LAZIO, INTERSINDACALE "SERVIZIO SANITARIO REGIONALE ALLO SBANDO"

sanità

“Spettabile Presidente Rocca, fanno sorridere le Dichiarazioni rilasciate durante l’audizione della Conferenza Stato-Regioni, riportate dalla stampa, sulla richiesta avanzata al Ministro della Salute di un maggior coinvolgimento delle Regioni durante la scrittura dei provvedimenti normativi e fondi adeguati, nello specifico sul provvedimento Liste d’attesa. La parola “Coinvolgimento” è, e Lei lo sa, sconosciuta nella Regione Lazio. Sebbene da due anni a questa parte la Regione Lazio abbia aperto il confronto regionale con le Organizzazioni Sindacali della Dirigenza Sanitaria non si è arrivati ad alcuna conclusione, nonostante i numerosi solleciti inviati dalle Parti Sociali”.

Così AAROI EMAC Lazio, ANAAO Assomed Lazio, FP CGIL Medici e Dirigenti Ssn, Federazione CIMO FESMED (ANPO-ASCOTI, CIMO, CIMOP, FESMED), FASSID (AIP AC-SIMET-SNR-SINAFO-AUPI) FVM Federazione Veterinari e Medici, Coordinamento regionale UIL-FPL Medici, Veterinari, Dirigenti Sanitari che, in una nota congiunta destinata al presidente Rocca, denunciano il totale disinteresse della Regione sul mantenimento del Servizio Sanitario pubblico ed elencano i provvedimenti in stallo.

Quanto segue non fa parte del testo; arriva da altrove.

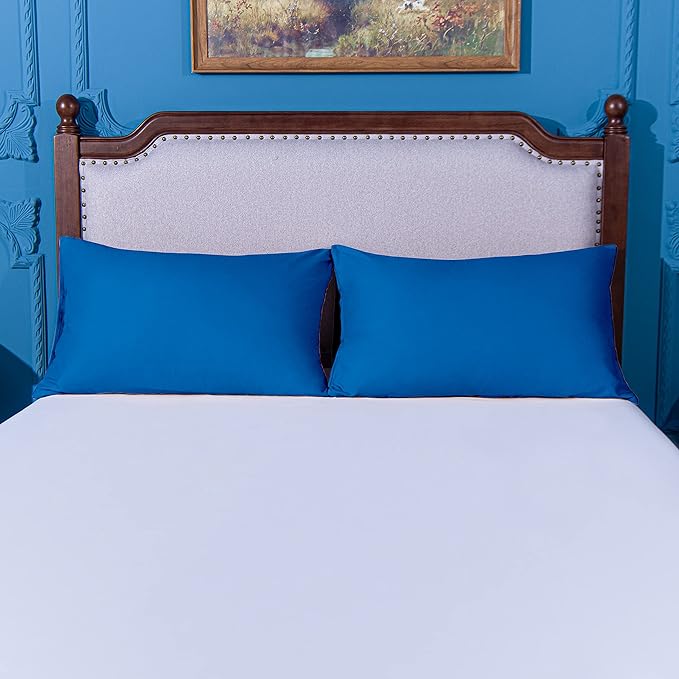 NTBAY Queen Pillowcase Set - 4 Pack Brushed Microfiber 20x30 Pillowcases - Soft, Wrinkle-Free, Fade-Resistant, Stain-Resistant, Royal Blue Pillowcases with Envelope Closure - 20x30 Inches, Royal Blue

1) La Determina Regionale del 18 aprile 2023 ha commissariato le aziende sanitarie pubbliche bloccando, di fatto, il conferimento degli incarichi


UGUALE
Blocco delle progressioni di carriera dei Dirigenti Sanitari del SSR 

2) L’Assegnazione diretta delle Unità Operative Complesse del Sistema Sanitario Regionale al personale Universitario (vedi le 10 UOC a Direzioni Universitaria deliberate il 24-05-2024 dall’Asl di Rieti)
UGUALE
Blocco delle progressioni di carriera dei Dirigenti Sanitari del SSR

3) La Delibera Regionale sulla Certificazione dei Fondi Contrattuali ferma alla certificazione dei fondi del 2022 (e neanche completa visto che non sono stati certificati i fondi del 2022 del Policlinico Tor Vergata)
UGUALE
Certificazione indietro di ben due Anni con Riduzione delle Risorse assegnate dallo Stato ai Fondi della Dirigenza Sanitaria del SSR, bloccate da un Confronto Regionale totalmente assente

“Prendiamo atto del totale disinteresse della Regione sul mantenimento del Servizio Sanitario pubblico” conclude l’intersindacale.